The author is Jane, and page number is 20
"AAAAAAAAAA." (Jane 20) BBBBBBBB
And now i need to have a new sentance, so should i put a period after (Jane 20) which is
"AAAAAAAAAA." (Jane 20). BBBBBBBB
6 Answers | Add Yours
You need only one period, to end your own sentence, even if the sentence you are quoting ends with a period. You simply don't need to quote the author's period. You use your OWN period to end your OWN sentence, like this:
"AAAAAAAAAA" (Jane 20). BBBBBBBB
The above answer is a good way to think about it. You are basically including the quotation and the citation (in parenthesis) in the same sentence. So you put one period, after the parenthesis, and that is all. This is true for MLA and most other methods.

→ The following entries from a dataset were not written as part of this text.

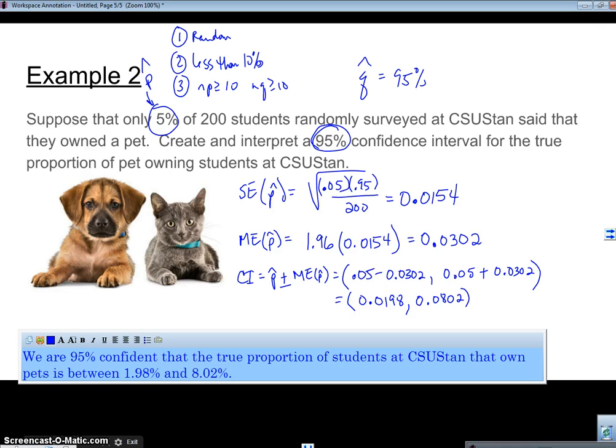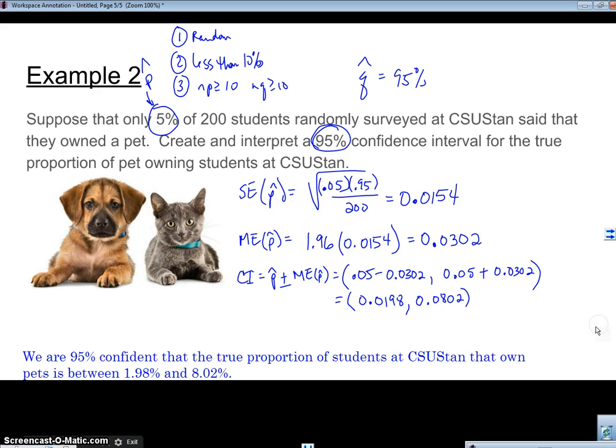And that's all there is to making and creating confidence intervals. We'll see you next time. Bye.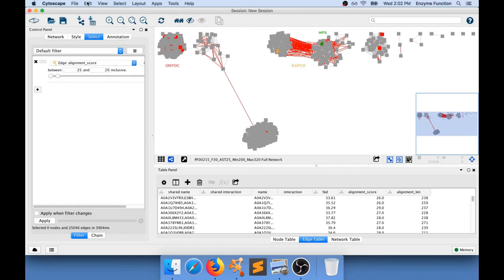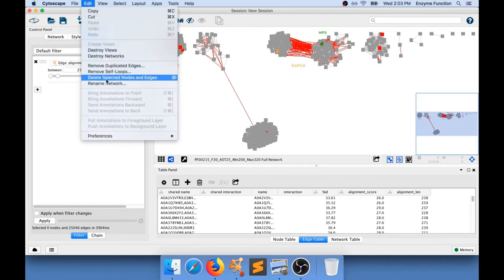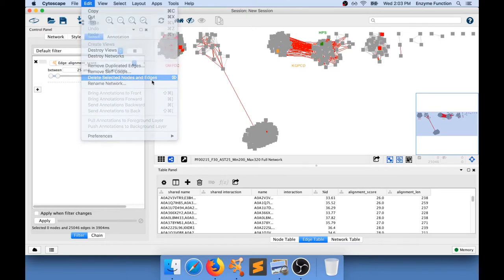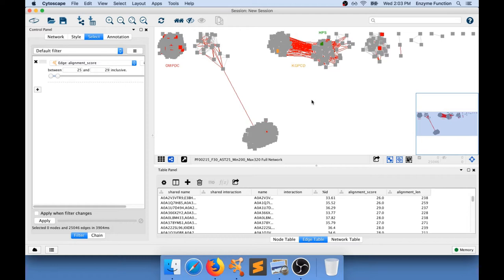And now what I can do is go to edit, delete selected nodes and edges. Once again I have only selected edges so if I do that I'm not going to remove nodes. This operation is going to take a little bit of time. But what I'm going to have now is a network in which the minimum alignment score is just going to be over 29. So we could consider 30.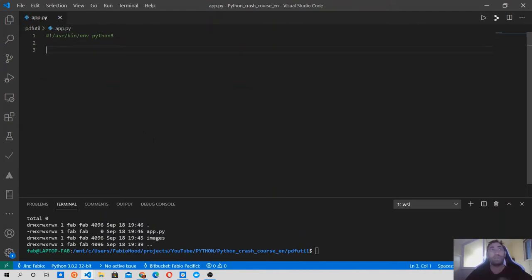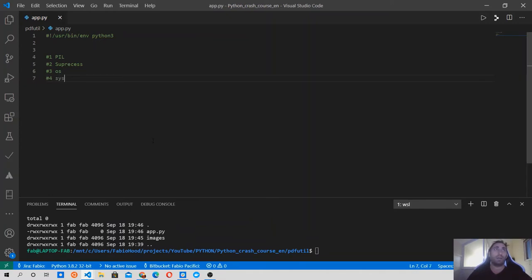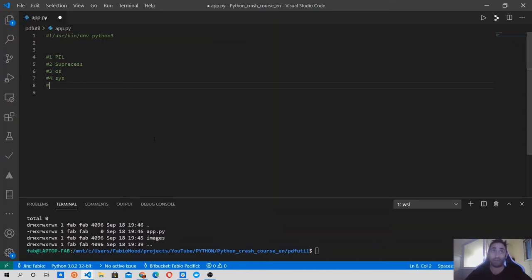We're going to need a few tools to build this project. The first tool is the Python Image Library — Pillow. Then we'll need the subprocess module, the os module, and also the sys module. We'll also grab a couple of scripts from the article I mentioned earlier about compressing and merging PDF files using GhostScript.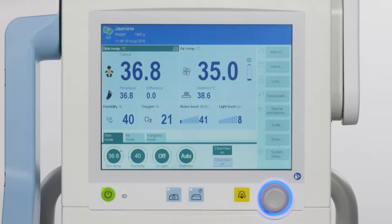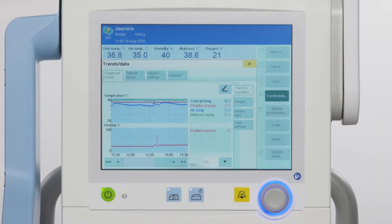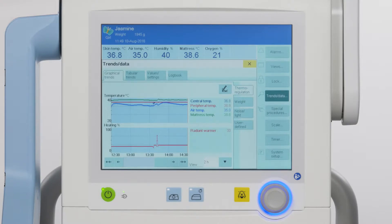Baby Leo allows you to display the patient's trends and data over a period of up to seven days. To view this, touch the trends data button on the main menu bar to open the graphical and tabular trend overview. The graphical trends tab provides a temporal resolution of the display with a selection of different parameter groups.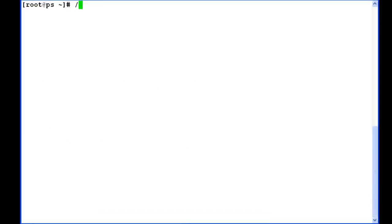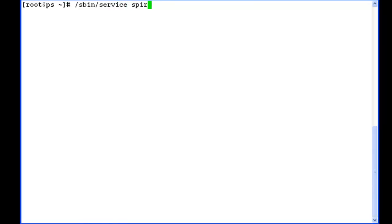I am logged into a presence server with the root user and I am using the command to restart the Spirit Agent: /sbin/service Spirit Agent restart. Once I enter this command, it will stop and start the Spirit Agent service.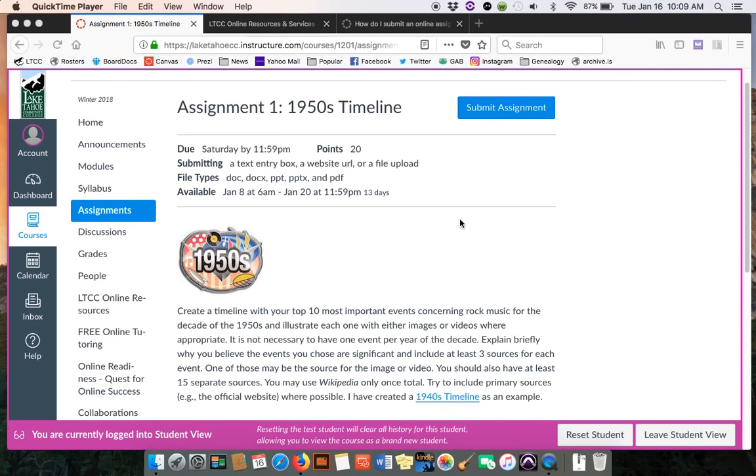Hopefully this will work. I was going to make a quick video to show you a little bit about how the text entry box works if you wanted to use that for your timeline assignment.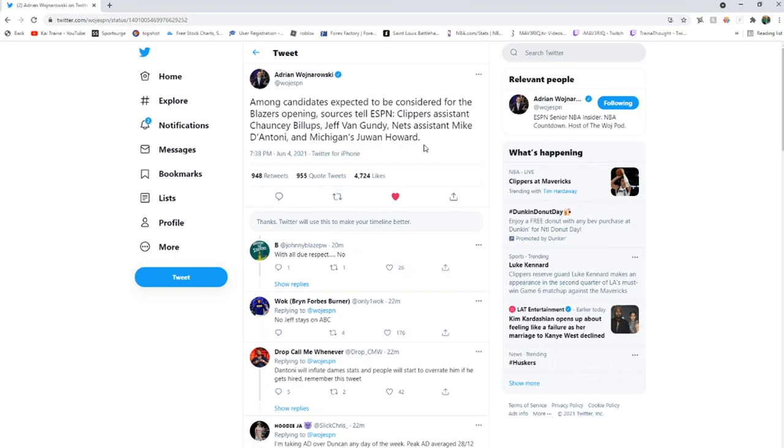The two interesting ones here, to me anyway, are Mike D'Antoni and Chauncey Billups. Mike D'Antoni, I think, would turn Lillard into basically Steve Nash, James Harden. I mean, that's not a bold take or anything. You look at the teams he's had in the past, Lillard would just be that guy for his offense.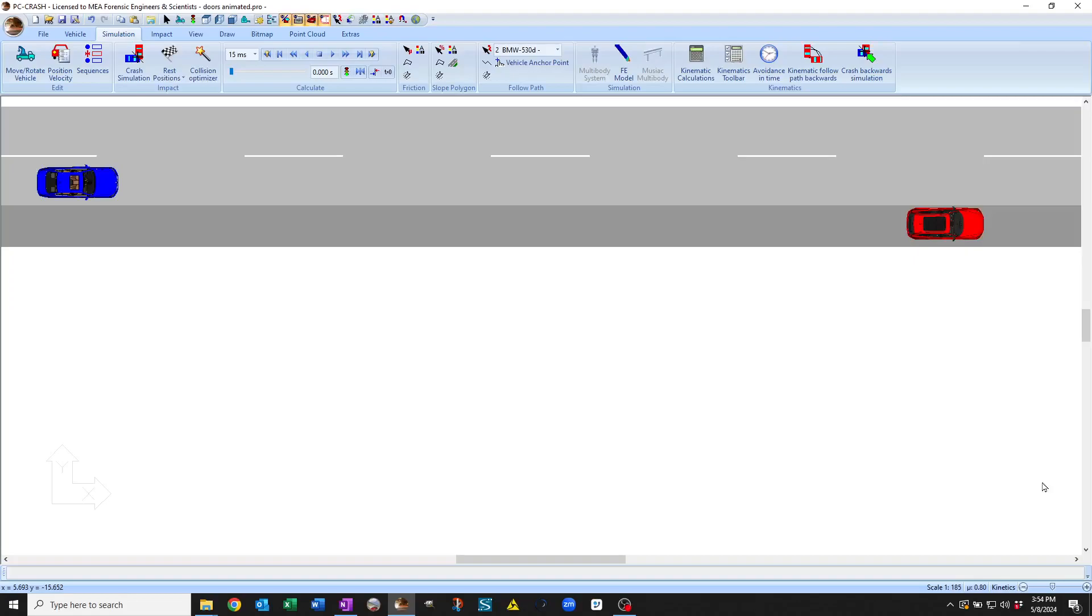Welcome to the demonstration of new features in PC Crash 15.0. Here I'm going to show some animated submeshes.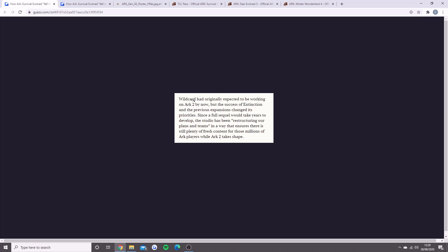Let's read this: Wildcard had originally expected to be working on ARK 2 by now, but the success of Extinction and previous expansions changed its priorities. Since a full sequel would take years to develop, the studio has been reconstructing plans and teams to ensure there is still plenty of fresh content for millions of ARK players while ARK 2 takes shape.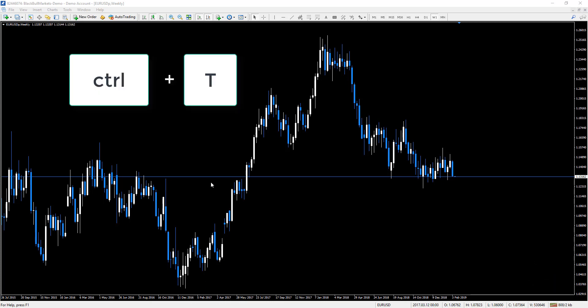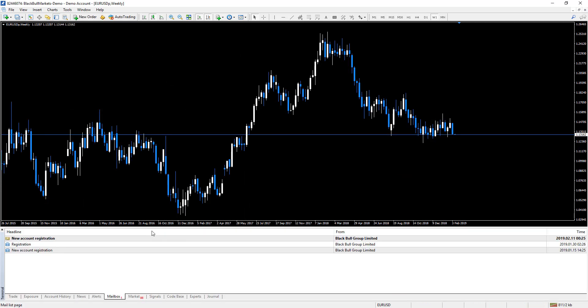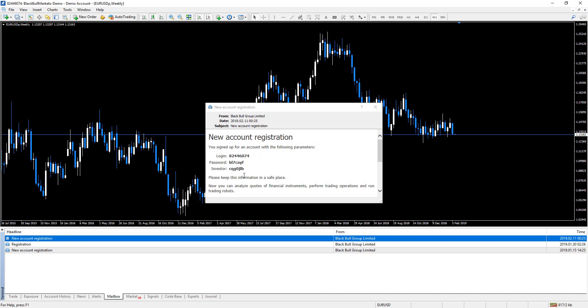So I'll just press it quickly. You can see here, I just created this demo account for this video quickly, but you can see it here: new account registration. Just double click on that.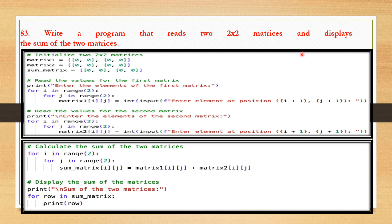The next program reads two 2x2 matrices and displays their sum. First, matrix1, matrix2, and a sum matrix are initialized to store the input matrices and their sum. The program prompts the user to enter elements of the first matrix, then the second matrix using nested for loops. Using another nested for loop it calculates the sum by adding corresponding elements from both matrices, stores the result in the sum matrix, and finally displays the result.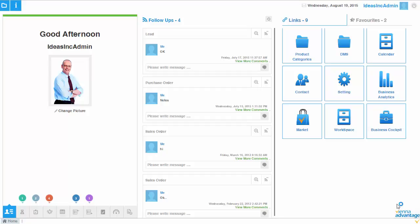Hello. In this video you will see how to work with dashboards and charts in Vienna Advantage.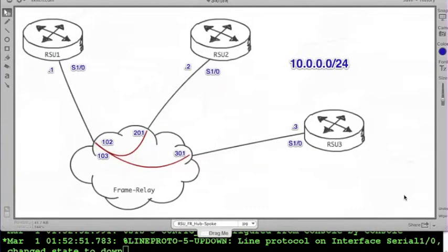Let's take a look at how we build out a partial mesh network, or a hub and spoke Frame Relay network. As the name implies, there is no full interconnectivity between the devices. What is emulated by the Frame Relay cloud that allows full layer three connectivity between the devices is actually this hub device in the middle of the communications between router two and router three here.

Completely true. You only need one period to end any sentence. You can either use the period that is included in the quote if you want to end your sentence with the quote or just show the end of the quote with speech marks and then go on to end the sentence when you are ready.
The above are correct. You only need one period after the parenthesis. However, if you want more information on who to do in-text citations with a bunch of variations, then take a look at this website: http://owl.english.purdue.edu/owl/resource/747/02/
It is from Purdue University and it gives a nice summary of MLA citation rules.
In general, I always advocate putting a period after closing parenthesis. If you are quoting, you would format it as follows:
Here the quote "AAAAAAAA" (Jane 20) ends.
Here ends the quote: "AAAAAAAA" (Jane 20).
You never make the citation into its own sentence:
WRONG --> Here ends the quote "AAAAAAAA." (Jane 20).
Place the period inside the parenthesis only if the parenthetical statement is a separated sentence. (This one, for example.) But you wouldn't put the period inside otherwise (for example, here).